Une sénatrice du parti de Meloni, Simona Petrucci, prétend que ce décret aurait permis de « préserver des milliers de vies humaines » en dissuadant des migrants de tenter de gagner l’Italie. Cette hypocrisie est révoltante. En réalité, les mesures du gouvernement italien ne découragent pas l’immigration, elles la rendent seulement plus meurtrière. D’après l’ONG Sea Watch, le nombre mensuel moyen de morts et de disparus en Méditerranée est passé de 162 entre 2020 et 2022 à 218 entre 2022 et 2024.

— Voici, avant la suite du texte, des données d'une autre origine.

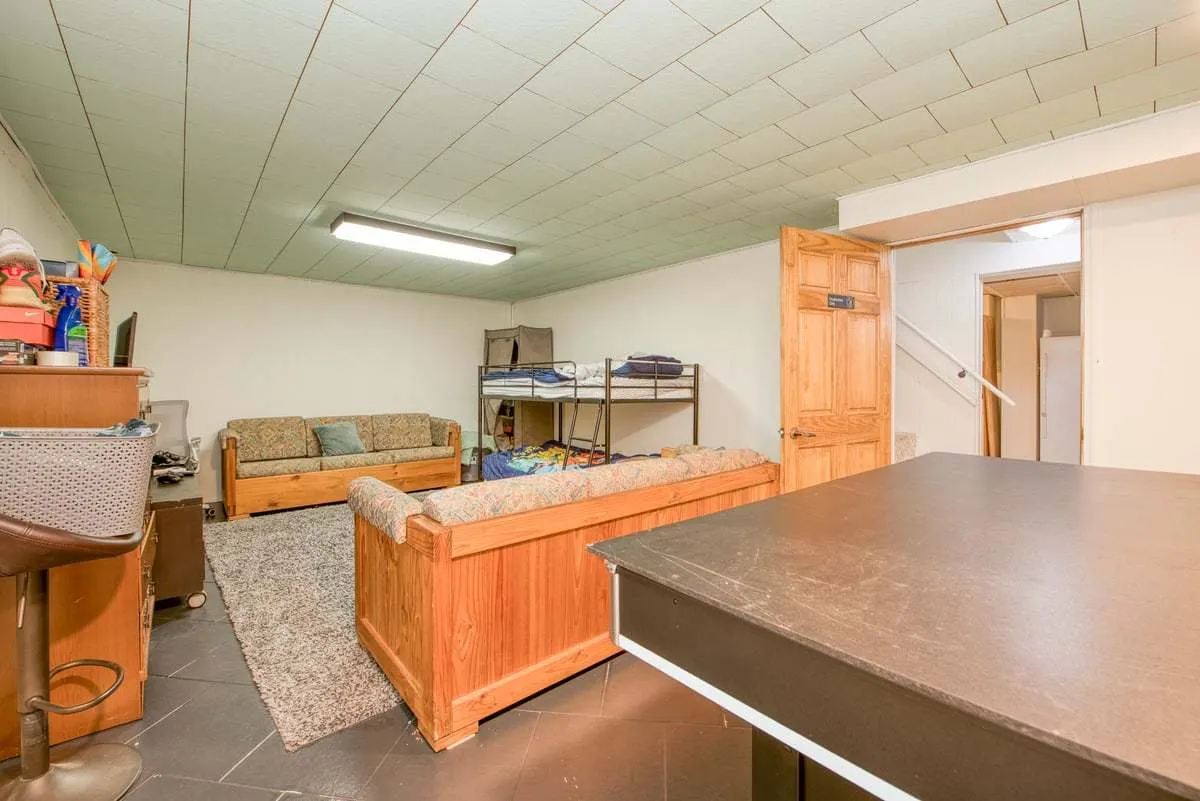 111 E Royal Drive IL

Contrairement à ce que prétendent les politiciens et les journalistes réactionnaires, si des dizaines de milliers de personnes quittent leurs pays pour tenter de rallier l’Europe, au péril de leur vie, c’est avant tout pour fuir les guerres, les famines, et les catastrophes écologiques qui se multiplient avec le dérèglement climatique. Tous ces phénomènes sont des conséquences du capitalisme et de l’impérialisme. Ils rendent la vie chaque jour plus insupportable pour les travailleurs d’Afrique et du Moyen-Orient. C’est cela qui explique que beaucoup finissent par se résoudre à l’exil, aussi dangereux soit-il, et tentent la traversée de la Méditerranée.
Hypocrisie diplomatique
Dans un surprenant accès d’humanité, Meloni déclarait en juillet 2023 qu’« il est de notre devoir, bien sûr, de prendre soin de nos Etats, mais aussi de nous préoccuper du sort de ces personnes ». Elle a ainsi promis de s’attaquer aux causes des migrations, à travers des partenariats avec plusieurs pays africains pour instaurer un « nouveau modèle de coopération » entre l’Italie et l’Afrique. Mais cette coopération n’a en réalité rien d’« humanitaire ».

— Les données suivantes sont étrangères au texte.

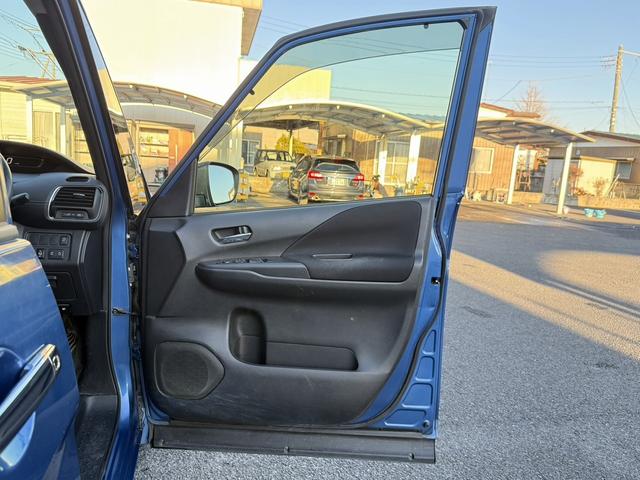 セレナ ハイウェイスター　ＶセレクションＩＩ　禁煙車　純正後席モニター　純正９インチナビ　フルセグ　アラウンドビューカメラ　プロパイロット　パーキングアシスト　衝突軽減ブレーキ　レーンキープ　デジタルインナーミラー　障害物センサー　純正１６ＡＷ（38枚目）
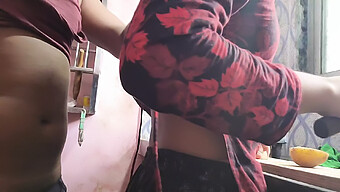 Kitchen Me: Video Tự Làm Của Một Bà Mẹ Dâm Đãng Desi Với Vòng Một Khổng Lồ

Deux accords ont été conclus avec la Libye et la Tunisie. En échange d’importants investissements gaziers (8 milliards d’euros via l’entreprise Eni), le gouvernement de Tripoli a accepté de renforcer les contrôles contre les migrants. Depuis début 2024, plus de 14 000 personnes ont été interceptées et arrêtées par les garde-côtes libyens. De nombreuses ONG ont souligné les traitements abominables auxquelles les soumettent ensuite les autorités libyennes : viols, tortures, et parfois même esclavage. De son côté, la police tunisienne a pris l’habitude d’abandonner les migrants dans le désert sans eau, ni nourriture. En échange de ces « soins », le gouvernement tunisien a reçu de Rome des prêts et des promesses de coopération économique.
Si Meloni se félicite de ces succès, ses voisins européens sont moins contents. En novembre 2022, Gérald Darmanin reprochait par exemple à l’Italie de refuser d’accueillir un navire de l’ONG SOS Méditerranée. Non pas que le ministre français ait été préoccupé du sort des migrants… Il reprochait surtout à l’Italie de ne pas assurer son rôle de « garde-frontière » de l’Union européenne et de repousser les migrants vers les autres pays de l’UE.

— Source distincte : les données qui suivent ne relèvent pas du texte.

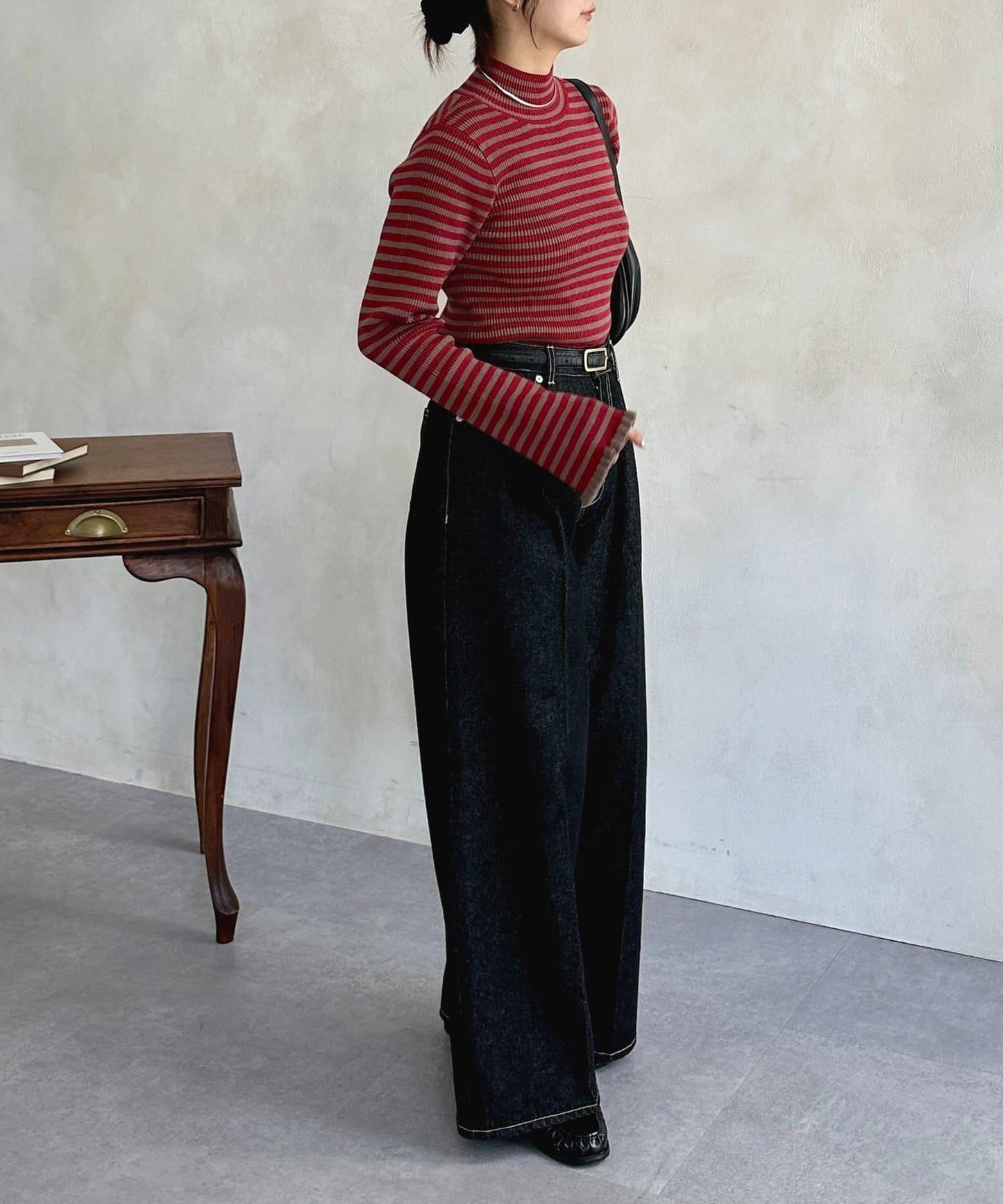 袖部荷葉邊喇叭袖高領針織衫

Puisque l’accès à l’Italie est devenu plus difficile, les passeurs et les migrants se rabattent sur d’autres pays. Les arrivées en Espagne ont ainsi augmenté de plus de 124 % depuis l’année dernière. D’après l’ONG Caminando Frontera, entre janvier et mai 2024, c’est près de 5000 personnes qui seraient mortes en essayant de gagner l’Espagne.
Face aux vagues d’exils causées par leurs propres politiques impérialistes en Afrique et à l’échelle mondiale, les classes dirigeantes européennes pratiquent la règle du « chacun pour soi » et abandonnent les migrants à leurs souffrances et à la mort.